Скульптурным мемориалом венчания Грозного на царство должен был стать Мономахов трон, или место (1551 г.), установленный в Успенском соборе. Нижняя часть его в форме куба покоится на четырех зверях, свернувшихся клубком. Стенки украшены двенадцатью резными сценами низкого рельефа, изображающими сказание о получении Владимиром Мономахом царских регалий — шапки и барм от византийского императора Константина Мономаха. Владимир Мономах и его окружение представлены в виде царя и бояр в нарядах XVI в. Пластичность и динамичность резьбы может дать некоторое представление об искусстве скульптуры того времени. Произведения мелкой пластики (нагрудные иконы, иконки-складни, мощевики-ковчеги и кресты) после Стоглава, как показала Т. В. Николаева, отличались большим единообразием, чем ранее.

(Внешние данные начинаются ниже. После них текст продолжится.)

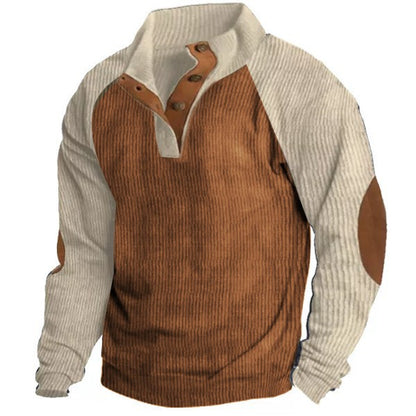 【S-3XL】Casualowa bluzka męska z długim rękawem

Возможности проникновения в изобразительное искусство народной традиции уменьшались.

Москва, вернее Кремль «царствующего града», стала и центром художественной жизни. Сюда были собраны лучшие иконописцы изо всех городов, они расписывали стены царского дворца, подновляли или заново изготавливали иконы для опустошенных пожаром 1547 г. кремлевских церквей. Здесь строились новые церкви, иллюстрировались летописи, задуманные как рукописный мемориал царствования Ивана IV. Прославлению военных побед посвящена роспись Золотой палаты Кремлевского дворца (1547–1552){21}. В росписи использованы сюжеты русской истории, библейских рассказов и притч.4 Аллегорические фигуры «Целомудрие», «Разум», «Чистота», «Правда», «Неправда», «Безумие» наглядно иллюстрировали моральный кодекс христианства, так настойчиво пропагандируемый митрополитом Макарием в его посланиях царю. Добродетели и пороки в виде женщин напоминают об образах раннего Возрождения.

В связи с грандиозными работами, производившимися в Кремле, встал вопрос о форме новых произведений. Впервые в истории русской художественной культуры вопросы искусства становятся предметом обсуждения церковных соборов (1551 и 1554 гг.), складывается определенный план создания произведений различных видов искусства: монументальной живописи, книжной иллюстрации и прикладного искусства, в частности резьбы по дереву.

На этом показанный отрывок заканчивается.